Extracting Hedge Fund Value
Alternative assets are occupying an increasingly important niche within the asset management community, and companies are systematizing the way they go about selecting managers.
EFG Asset Management’s asset allocation menu consists of three broad asset classes: equities, fixed income and alternative investments.
“We seek to exploit return sources at both the top down asset allocation and bottom up security and manager selection levels with the goal of becoming a globally recognized asset management unit that can add significant value to both high-net worth and institutional clients through offerings of differentiated products,” said Matias Ringel, head of hedge fund research at EFGAM.
EFG Asset Management is an integral part of EFG International’s global private banking activities, working closely with Client Relationship Officers and their clients. It is also a distinct, specialist asset manager, providing a range of actively-managed investment solutions to professional advisors and institutional investors worldwide.
Ringel’s team covers “on a relatively active basis over 300 funds and have a large number of other funds on our radar screen, which we analyze and monitor via our proprietary database,” he said. “EFGAM has a detailed investment process involving a ‘top down macro’ view that gets updated each quarter and is reflected in various hedge fund strategies.”
Hedge fund and fund of fund advisers play a critical role in meeting the demand for alternative assets, such as providing expertise with respect to the implementation of various strategies.
“Though the experiences of 2008 are becoming a distant memory for some, they provided a recent catalyst for many investors to seek meaningful sources of diversification for their investment portfolios” noted Lee Partridge, chief investment officer Salient Partners a Houston-based investment management firm with $18.5 billion in assets under management.
“The diversification benefits ascribed to bonds are thought by many to be particularly challenged by the current low interest rate environment in which we find ourselves, in addition to uncertainty regarding the Federal Reserve’s contemplation of tapering its open market purchases of bonds and mortgages,” added Partridge.
In contrast with Ringel’s feelings about trend following, Salient Partners has long been an advocate of supplementing its use of hedge fund strategies with an array of active tools such as trend following and alternative betas.
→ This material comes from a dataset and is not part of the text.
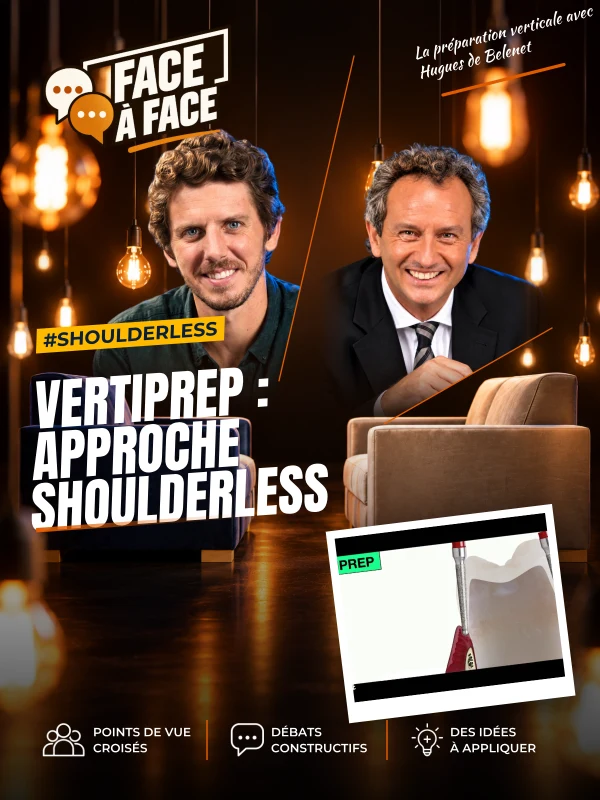 Vertiprep : approche shoulderless (Face à Face, saison 2 épisode 6) : L'approche shoulderless pas à pas : une fraise guidée au niveau du sulcus, une…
Alternative betas, which include size, value, carry and momentum may provide positive returns and diversification over the long term because they are liquid, scalable and differ from traditional market exposures.
“Alternative investments can provide a source of meaningful diversification for investors with low correlation to more traditional investments whose returns are principally explained by movements in public equity or bond prices,” Partridge continued. “Nonetheless, investors must be aware that the term ‘alternative assets’ can cover a wide variety of investment options with considerable variability with respect to one another.”
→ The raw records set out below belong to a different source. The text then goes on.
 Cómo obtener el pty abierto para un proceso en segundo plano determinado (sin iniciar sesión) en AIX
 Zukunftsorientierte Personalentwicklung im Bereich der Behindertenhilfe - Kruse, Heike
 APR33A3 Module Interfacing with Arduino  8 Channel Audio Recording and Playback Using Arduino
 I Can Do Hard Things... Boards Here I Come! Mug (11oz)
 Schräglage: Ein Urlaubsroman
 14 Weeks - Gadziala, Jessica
As Salient’s CIO, Partridge spearheaded development of the firm’s asset allocation funds, credit-related strategies and quantitatively managed funds and he constantly strives to keep expenses from eating into client returns. In order to combat the high fee structure that serves as a barrier to hedge fund adoption, Partridge has implemented a number of more direct investing strategies.
He explained that hedge fund and fund of fund advisers play a critical role in meeting the demand for alternative assets, such as providing expertise with respect to the implementation of various strategies. “Fund-of-funds generally conduct extensive research on alternative investment providers, including operational due diligence that verifies the integrity of third party administrators, audit firms, legal counsel and tax counsel as well as internal risk management functions, processes, decision making hierarchies, investment processes and experience of key personnel,” he said.
Alternative investments can provide a source of meaningful diversification for investors with low correlation to more traditional investments whose returns are principally explained by movements in public equity or bond prices.
Nonetheless, investors must be aware that the term “alternative assets” can cover a wide variety of investment options with considerable variability with respect to one another.
EFGAM currently has 57 hedge fund managers in its eligible offering, ranging across arbitrage, equity-focused, and traditional hedge fund investment strategies (e.g., global macro).
“We have weekly meetings to focus on idea generation and to review the funds on our list to make sure any ratings changes are communicated and understood by the team,” said Ringel. “On a monthly basis, we have our manager selection meetings, which ink our views on asset allocations and market observations.”
For the third quarter of 2013, EFGAM has a positive strategy outlook on equity long short, equity market neutral, and event driven, and is cautious on fixed income arbitrage, systematic trading, and credit.
“We are generally cautious about most trend following strategies, given sharp market reversals and a lack of actionable trends,” Ringel said. “We tend to prefer more nimble discretionary macro managers with an expertise in currencies and interest rate cycles who can react quickly if themes prove short-lived.”